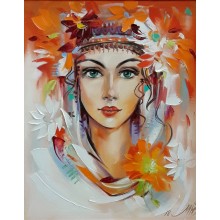 Цветя в косите - Диамантен гоблен LD 405063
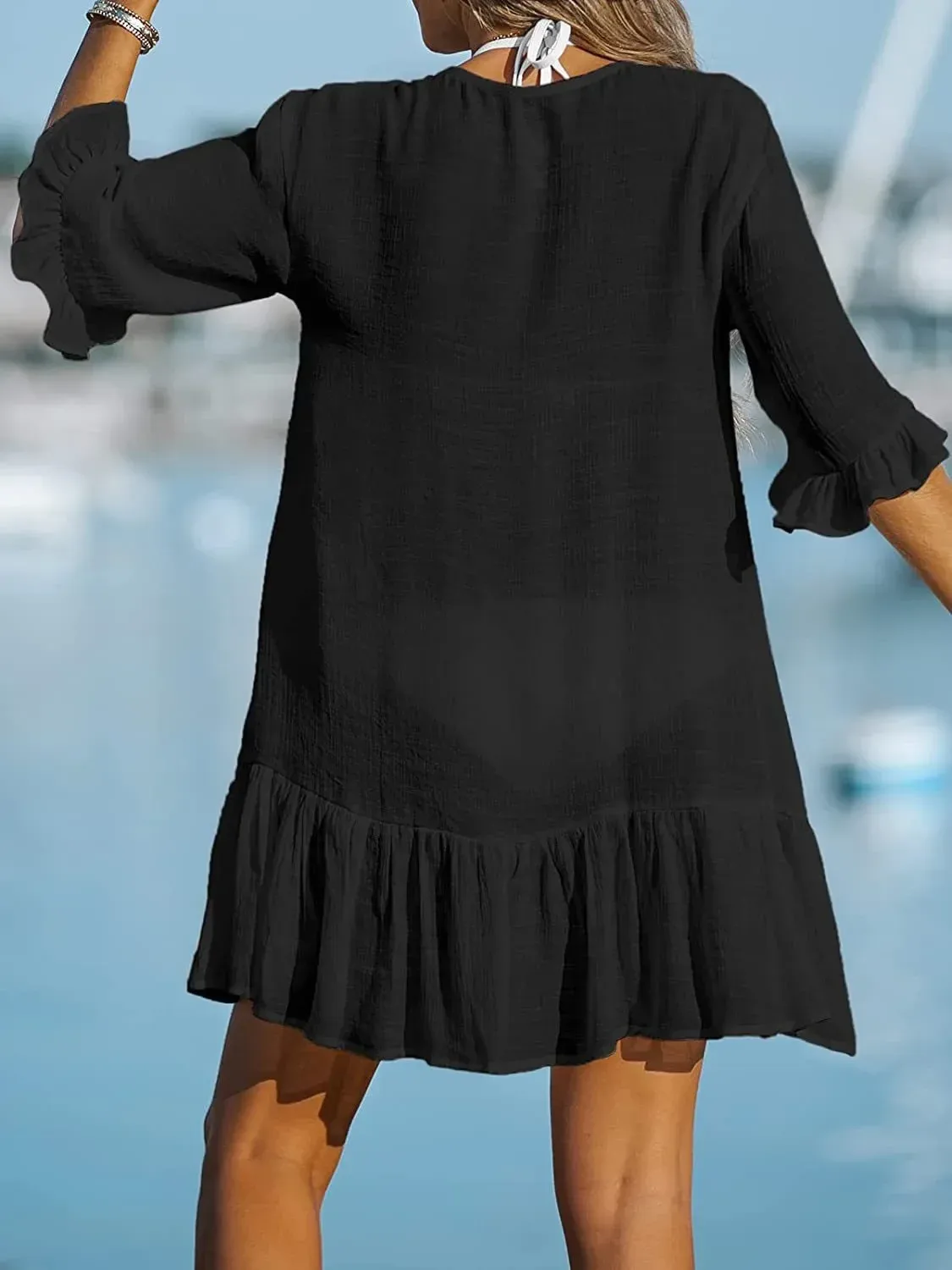 Spring And Summer New Women's V-neck Hem Ruffled Dress  Solid Color Beach Dress Explosions display picture 12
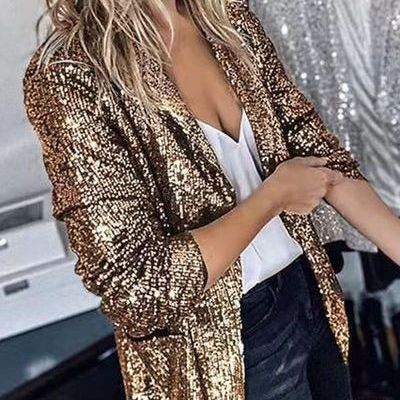 Damen Glitzernde Asymmetrische Blazerjacke mit modernem Schnitt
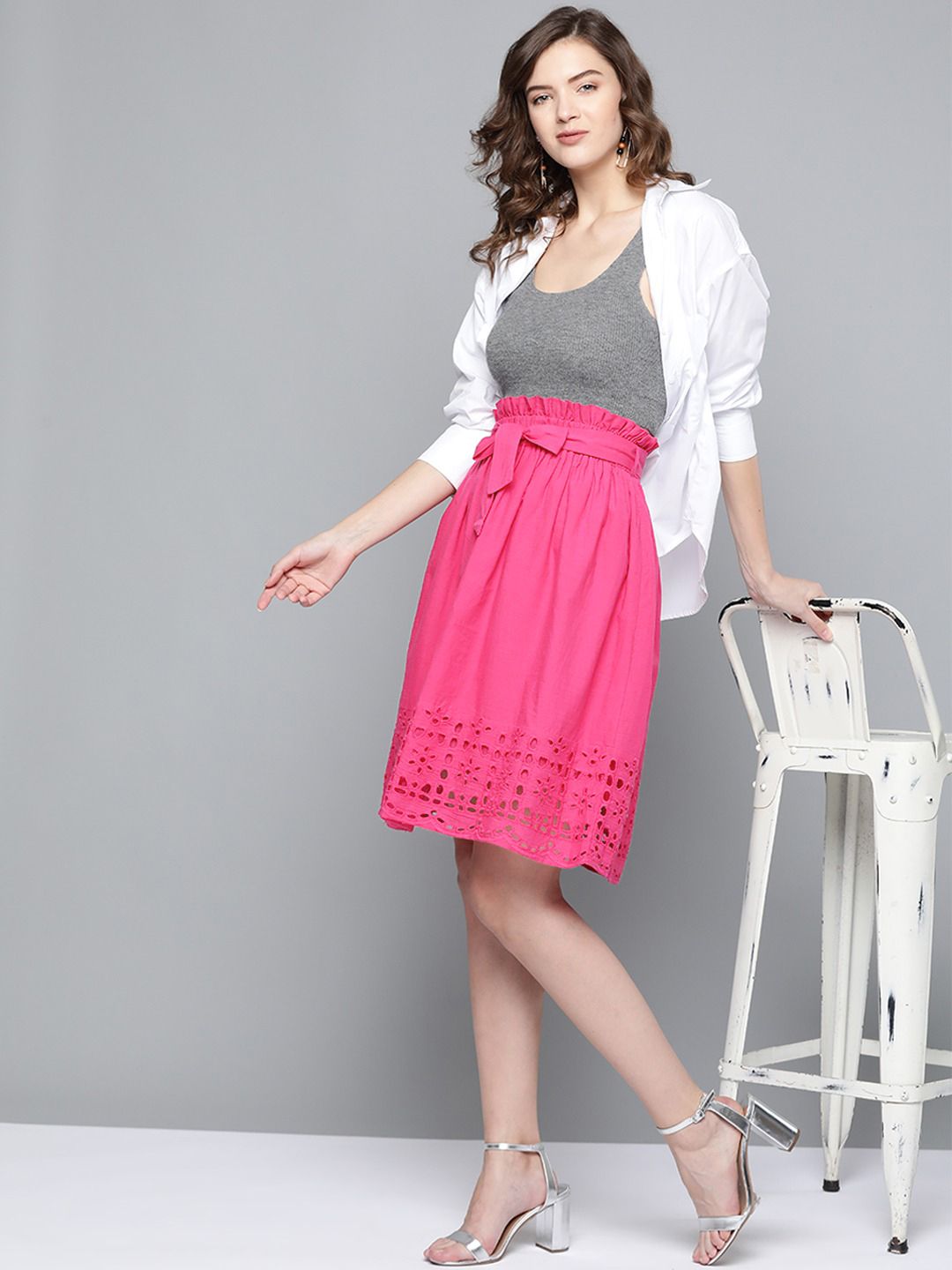 SASSAFRAS Fuchsia Pink Pure Cotton Schiffli Detail Flared Skirt with Belt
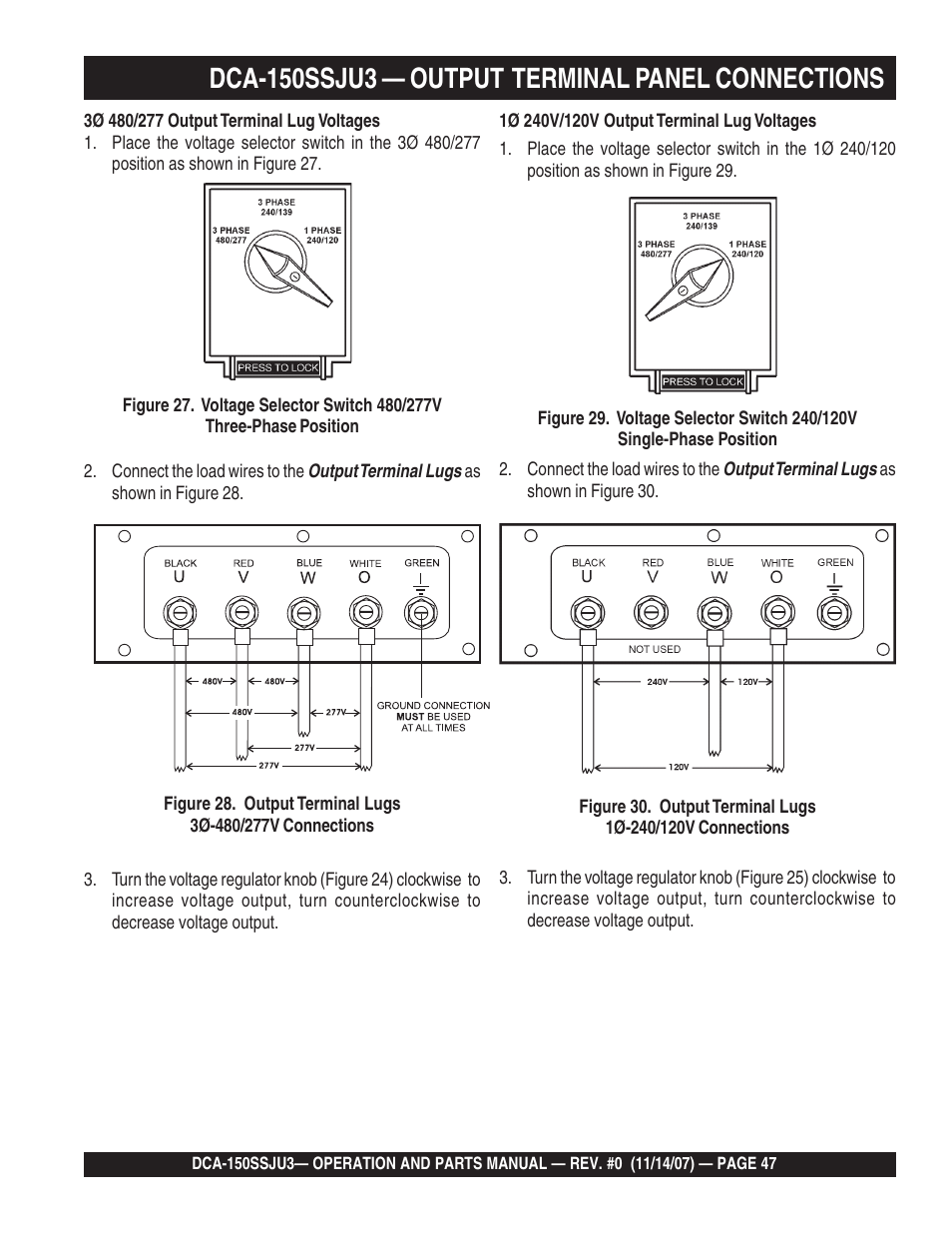 Multiquip MQ Power Whisperwatt 60 Hz Generator DCA-150SSJU3 User Manual | Page 47 / 104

• Directions:
Nothing but the text is wanted: repeat the data above exactly, without its images.

• Reply:
 Цветя в косите - Диамантен гоблен LD 405063
 Spring And Summer New Women's V-neck Hem Ruffled Dress  Solid Color Beach Dress Explosions display picture 12
 Damen Glitzernde Asymmetrische Blazerjacke mit modernem Schnitt
 SASSAFRAS Fuchsia Pink Pure Cotton Schiffli Detail Flared Skirt with Belt
 Multiquip MQ Power Whisperwatt 60 Hz Generator DCA-150SSJU3 User Manual | Page 47 / 104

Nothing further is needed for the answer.